Claude Clippe est un laïc engagé dans l’Église. Membre de la Commission d’étude et de pastorale ouvrière (CEPO), il est aussi membre du Conseil général de l’apostolat des laïcs de la Belgique francophone (CGAL)7. Élu président en 1989, il pilote avec Geneviève Ryckmans, vice-présidente et avec le groupe de travail « Passeport 2000 », la première Assemblée interdiocésaine des catholiques en Belgique francophone qui se tient à Louvain-la-Neuve, le 25 septembre 19948. Plus de 12.000 personnes y participent. Claude Clippe est un chrétien fidèle. Il aime l’Église et le message libérateur du Christ, mais reste critique face à l’évolution de l’Institution dont il dénonce les conservatismes et les rigidités qui se
multiplient ces dernières années9 . « J’ai mal à mon Église »10, écrit-il. Claude Clippe est aussi auteur d’un très beau crédo : Je crois…
« Je crois que ce monde que nous bâtissons ensemble dans et par nos équipes se situe dans le grand projet de libération de l’homme, de tout l’homme et de tous les hommes, qu’un soir d’hiver, un enfant né dans une étable à Bethléem est venu mettre en route.
Je crois… Cela me fait vivre, donne tout son sens à ma vie, à mon engagement de travailleur avec d’autres travailleurs, dans les Equipes populaires et le mouvement ouvrier »11.
Marie-Thérèse Coenen
Historienne, chercheuse associée au CARHOP
1. Note de Claude Clippe dans Questionnaire en préparation d’une notice pour le Dictionnaire biographique du mouvement ouvrier en Belgique (DBMOB), juillet-août 2021
2. CLIPPE C., Approche de la mentalité ouvrière en région semi-rurale, ISCO, Charleroi, 1970. Il dédicace ce travail à son père et à sa mère. Son mémoire annexe porte sur La philosophie d’Emmanuel Mounier et son actualité contemporaine, ISCO, Charleroi, 1970.
3. Témoignage de Claude Clippe, Debout, n°100, [mai 1991], p. 10–11.
4. DEJARDIN A., « Les équipes populaires, une sorte de JOC des travailleurs adultes », Vers l’avenir, Jeudi 17 mars 1983.
5. « Travailleurs en équipe », L’appel, novembre 1982, p.19.
6. Entretien avec M.-T. Coenen, Floreffe, juin 2021
7. devient la Commission interdiocésaine des laïcs (CIL).

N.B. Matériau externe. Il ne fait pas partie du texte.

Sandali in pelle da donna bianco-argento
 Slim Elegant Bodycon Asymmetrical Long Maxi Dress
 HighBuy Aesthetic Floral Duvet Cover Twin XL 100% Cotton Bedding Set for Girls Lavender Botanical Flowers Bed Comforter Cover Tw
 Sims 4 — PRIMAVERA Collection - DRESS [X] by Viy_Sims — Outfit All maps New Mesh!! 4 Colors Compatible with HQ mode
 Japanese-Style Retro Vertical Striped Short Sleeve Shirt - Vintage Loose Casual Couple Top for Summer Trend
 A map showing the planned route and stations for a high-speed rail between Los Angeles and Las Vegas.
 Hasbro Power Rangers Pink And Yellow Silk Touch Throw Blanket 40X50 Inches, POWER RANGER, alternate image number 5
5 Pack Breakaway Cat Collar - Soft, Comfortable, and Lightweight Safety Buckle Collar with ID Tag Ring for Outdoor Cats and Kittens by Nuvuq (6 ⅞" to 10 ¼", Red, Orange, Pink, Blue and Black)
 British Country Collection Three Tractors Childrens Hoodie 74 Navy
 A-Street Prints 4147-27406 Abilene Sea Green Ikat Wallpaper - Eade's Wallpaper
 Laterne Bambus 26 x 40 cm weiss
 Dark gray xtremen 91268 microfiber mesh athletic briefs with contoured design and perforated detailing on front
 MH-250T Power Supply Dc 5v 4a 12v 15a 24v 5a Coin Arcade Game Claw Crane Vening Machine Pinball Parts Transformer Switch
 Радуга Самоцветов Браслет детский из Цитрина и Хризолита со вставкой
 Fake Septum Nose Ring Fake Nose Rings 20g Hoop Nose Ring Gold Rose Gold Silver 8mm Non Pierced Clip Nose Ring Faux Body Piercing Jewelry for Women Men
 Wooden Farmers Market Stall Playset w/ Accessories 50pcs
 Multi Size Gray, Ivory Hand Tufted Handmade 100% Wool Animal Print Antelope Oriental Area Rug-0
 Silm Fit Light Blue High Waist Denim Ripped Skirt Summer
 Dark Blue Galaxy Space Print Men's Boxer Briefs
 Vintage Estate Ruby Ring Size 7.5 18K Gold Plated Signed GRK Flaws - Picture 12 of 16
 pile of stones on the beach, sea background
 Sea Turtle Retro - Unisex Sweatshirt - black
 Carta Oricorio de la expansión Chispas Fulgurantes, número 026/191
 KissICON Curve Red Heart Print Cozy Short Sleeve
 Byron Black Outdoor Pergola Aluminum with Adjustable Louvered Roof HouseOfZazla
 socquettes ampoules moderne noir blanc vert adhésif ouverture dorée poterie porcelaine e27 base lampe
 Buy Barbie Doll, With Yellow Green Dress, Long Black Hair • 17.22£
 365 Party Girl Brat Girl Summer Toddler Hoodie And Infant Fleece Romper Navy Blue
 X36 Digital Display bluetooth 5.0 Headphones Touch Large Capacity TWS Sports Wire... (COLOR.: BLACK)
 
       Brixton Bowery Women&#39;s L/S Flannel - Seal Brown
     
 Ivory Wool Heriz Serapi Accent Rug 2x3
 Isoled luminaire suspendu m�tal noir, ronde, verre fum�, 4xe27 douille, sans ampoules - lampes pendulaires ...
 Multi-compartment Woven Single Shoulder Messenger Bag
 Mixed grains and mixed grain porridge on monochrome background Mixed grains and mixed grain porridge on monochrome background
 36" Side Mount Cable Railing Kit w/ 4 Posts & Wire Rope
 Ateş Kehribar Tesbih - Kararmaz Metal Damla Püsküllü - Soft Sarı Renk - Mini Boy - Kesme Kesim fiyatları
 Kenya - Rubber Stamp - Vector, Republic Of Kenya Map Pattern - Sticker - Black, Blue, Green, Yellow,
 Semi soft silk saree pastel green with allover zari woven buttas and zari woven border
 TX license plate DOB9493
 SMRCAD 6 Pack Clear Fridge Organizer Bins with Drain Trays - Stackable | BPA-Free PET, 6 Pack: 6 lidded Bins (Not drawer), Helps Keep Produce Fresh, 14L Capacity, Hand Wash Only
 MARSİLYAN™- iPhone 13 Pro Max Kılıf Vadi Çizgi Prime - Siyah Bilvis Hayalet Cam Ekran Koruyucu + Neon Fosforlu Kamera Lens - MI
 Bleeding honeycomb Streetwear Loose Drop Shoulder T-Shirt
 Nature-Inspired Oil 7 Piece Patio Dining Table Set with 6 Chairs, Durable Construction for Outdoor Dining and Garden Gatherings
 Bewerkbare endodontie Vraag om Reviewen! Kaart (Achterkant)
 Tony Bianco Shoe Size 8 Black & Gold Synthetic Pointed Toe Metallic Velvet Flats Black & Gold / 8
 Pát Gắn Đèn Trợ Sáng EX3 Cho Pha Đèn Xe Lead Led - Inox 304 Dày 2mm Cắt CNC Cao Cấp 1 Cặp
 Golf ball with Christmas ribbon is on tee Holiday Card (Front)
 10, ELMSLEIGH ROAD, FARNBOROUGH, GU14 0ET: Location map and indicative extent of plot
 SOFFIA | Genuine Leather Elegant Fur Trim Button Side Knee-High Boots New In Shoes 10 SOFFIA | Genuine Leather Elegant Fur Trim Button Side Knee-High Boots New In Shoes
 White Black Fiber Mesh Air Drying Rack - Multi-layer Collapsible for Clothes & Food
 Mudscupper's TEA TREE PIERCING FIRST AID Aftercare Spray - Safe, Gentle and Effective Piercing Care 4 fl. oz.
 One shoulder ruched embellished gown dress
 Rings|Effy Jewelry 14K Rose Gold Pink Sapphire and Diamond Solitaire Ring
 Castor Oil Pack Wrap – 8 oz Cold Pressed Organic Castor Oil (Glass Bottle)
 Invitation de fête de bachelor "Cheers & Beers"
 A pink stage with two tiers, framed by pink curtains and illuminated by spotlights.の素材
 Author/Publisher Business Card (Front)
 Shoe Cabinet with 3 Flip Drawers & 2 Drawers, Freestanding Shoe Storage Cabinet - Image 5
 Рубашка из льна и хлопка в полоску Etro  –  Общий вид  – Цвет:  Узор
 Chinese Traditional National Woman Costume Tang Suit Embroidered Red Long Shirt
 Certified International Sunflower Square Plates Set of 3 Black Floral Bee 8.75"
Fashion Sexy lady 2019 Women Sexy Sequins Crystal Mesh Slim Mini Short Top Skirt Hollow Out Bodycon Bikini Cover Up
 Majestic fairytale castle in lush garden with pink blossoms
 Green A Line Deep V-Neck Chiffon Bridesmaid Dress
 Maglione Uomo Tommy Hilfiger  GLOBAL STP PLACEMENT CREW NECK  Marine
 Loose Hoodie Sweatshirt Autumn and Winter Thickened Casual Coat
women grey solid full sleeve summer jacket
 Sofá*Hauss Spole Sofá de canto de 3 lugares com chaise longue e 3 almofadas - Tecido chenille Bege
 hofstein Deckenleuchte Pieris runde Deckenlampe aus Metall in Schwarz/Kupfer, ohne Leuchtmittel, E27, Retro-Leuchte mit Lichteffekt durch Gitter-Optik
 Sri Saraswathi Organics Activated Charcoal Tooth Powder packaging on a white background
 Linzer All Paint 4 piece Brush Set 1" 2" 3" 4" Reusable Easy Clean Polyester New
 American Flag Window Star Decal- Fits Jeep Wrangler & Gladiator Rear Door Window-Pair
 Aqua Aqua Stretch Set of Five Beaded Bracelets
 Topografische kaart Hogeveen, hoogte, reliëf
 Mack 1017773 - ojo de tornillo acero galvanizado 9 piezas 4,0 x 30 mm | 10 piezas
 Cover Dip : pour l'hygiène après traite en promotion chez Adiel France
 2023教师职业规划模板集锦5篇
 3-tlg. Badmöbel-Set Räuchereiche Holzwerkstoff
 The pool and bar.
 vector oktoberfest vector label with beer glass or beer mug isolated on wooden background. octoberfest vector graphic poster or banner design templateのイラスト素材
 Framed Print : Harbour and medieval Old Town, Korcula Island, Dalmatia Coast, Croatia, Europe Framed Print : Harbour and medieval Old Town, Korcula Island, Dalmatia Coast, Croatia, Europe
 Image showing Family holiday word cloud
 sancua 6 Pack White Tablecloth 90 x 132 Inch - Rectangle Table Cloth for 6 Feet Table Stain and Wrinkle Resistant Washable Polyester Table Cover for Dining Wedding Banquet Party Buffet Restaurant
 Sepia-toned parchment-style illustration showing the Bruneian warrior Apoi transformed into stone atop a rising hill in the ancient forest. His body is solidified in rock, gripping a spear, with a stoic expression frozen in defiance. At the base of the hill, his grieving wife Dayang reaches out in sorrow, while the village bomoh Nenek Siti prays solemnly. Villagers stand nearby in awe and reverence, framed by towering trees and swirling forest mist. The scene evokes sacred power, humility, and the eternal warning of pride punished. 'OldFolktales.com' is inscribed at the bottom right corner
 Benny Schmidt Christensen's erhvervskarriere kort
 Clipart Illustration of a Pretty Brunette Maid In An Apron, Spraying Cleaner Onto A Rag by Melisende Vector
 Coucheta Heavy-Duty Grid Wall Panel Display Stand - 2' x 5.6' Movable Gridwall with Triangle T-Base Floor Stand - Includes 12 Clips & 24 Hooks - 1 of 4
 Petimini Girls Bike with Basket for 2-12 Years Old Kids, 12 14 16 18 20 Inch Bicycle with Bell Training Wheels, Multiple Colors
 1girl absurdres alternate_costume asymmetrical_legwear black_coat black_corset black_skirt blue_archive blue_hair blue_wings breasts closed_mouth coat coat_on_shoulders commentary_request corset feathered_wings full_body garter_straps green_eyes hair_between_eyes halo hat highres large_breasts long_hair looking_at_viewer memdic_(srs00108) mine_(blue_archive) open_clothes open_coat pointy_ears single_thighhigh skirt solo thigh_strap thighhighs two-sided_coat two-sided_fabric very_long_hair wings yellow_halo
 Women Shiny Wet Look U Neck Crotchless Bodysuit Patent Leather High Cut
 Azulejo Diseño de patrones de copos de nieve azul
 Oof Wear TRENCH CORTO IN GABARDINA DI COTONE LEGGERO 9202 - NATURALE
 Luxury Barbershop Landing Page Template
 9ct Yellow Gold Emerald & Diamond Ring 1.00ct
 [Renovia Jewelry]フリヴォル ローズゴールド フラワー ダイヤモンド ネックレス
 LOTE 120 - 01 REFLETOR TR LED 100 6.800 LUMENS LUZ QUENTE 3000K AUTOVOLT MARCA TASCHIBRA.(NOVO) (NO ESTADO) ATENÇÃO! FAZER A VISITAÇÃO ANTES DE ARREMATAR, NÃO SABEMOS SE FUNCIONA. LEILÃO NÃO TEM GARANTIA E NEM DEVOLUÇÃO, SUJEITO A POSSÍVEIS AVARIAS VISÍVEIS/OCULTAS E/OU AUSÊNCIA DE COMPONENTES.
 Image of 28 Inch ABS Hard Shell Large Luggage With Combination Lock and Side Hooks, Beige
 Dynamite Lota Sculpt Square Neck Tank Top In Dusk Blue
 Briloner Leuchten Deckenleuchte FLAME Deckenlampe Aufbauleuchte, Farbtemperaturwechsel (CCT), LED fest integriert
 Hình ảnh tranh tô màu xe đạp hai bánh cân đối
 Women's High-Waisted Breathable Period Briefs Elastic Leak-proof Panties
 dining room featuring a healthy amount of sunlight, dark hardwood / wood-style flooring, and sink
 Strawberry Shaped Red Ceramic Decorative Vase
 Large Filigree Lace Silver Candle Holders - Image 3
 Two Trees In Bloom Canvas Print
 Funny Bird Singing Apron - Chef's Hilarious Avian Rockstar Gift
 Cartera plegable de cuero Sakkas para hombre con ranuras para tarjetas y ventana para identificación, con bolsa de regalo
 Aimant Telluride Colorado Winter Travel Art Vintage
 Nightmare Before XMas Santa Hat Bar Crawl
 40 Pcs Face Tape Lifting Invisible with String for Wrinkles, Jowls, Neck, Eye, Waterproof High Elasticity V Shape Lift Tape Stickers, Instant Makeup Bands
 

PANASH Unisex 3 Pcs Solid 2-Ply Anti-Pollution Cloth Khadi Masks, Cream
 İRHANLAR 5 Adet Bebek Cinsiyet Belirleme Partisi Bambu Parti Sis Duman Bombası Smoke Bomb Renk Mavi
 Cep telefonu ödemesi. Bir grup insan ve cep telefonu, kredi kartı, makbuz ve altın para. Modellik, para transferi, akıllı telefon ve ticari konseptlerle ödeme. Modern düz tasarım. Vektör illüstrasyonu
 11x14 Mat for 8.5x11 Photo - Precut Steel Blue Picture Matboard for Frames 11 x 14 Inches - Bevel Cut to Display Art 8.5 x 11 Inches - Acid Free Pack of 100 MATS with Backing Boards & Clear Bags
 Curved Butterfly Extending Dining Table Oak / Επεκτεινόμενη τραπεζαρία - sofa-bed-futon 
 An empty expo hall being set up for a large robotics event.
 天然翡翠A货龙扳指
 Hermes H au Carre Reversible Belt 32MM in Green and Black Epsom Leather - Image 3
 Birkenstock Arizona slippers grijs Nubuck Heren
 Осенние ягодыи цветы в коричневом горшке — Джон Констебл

8. « Avant-propos signé Claude Clippe et Geneviève Ryckmans », Conseil
général de l’apostolat des laïcs, Passeport pour l’an 2000. Cinq défis majeurs, vus par des catholiques en Belgique francophone, 1996.
9. CLIPPE C., Le Saint-Esprit, personna non grata au Vatican ? Vers l’avenir, 28 janvier 2009, repris dans Floriffoux, Feuille paroissiale 15 février 2009., p.1.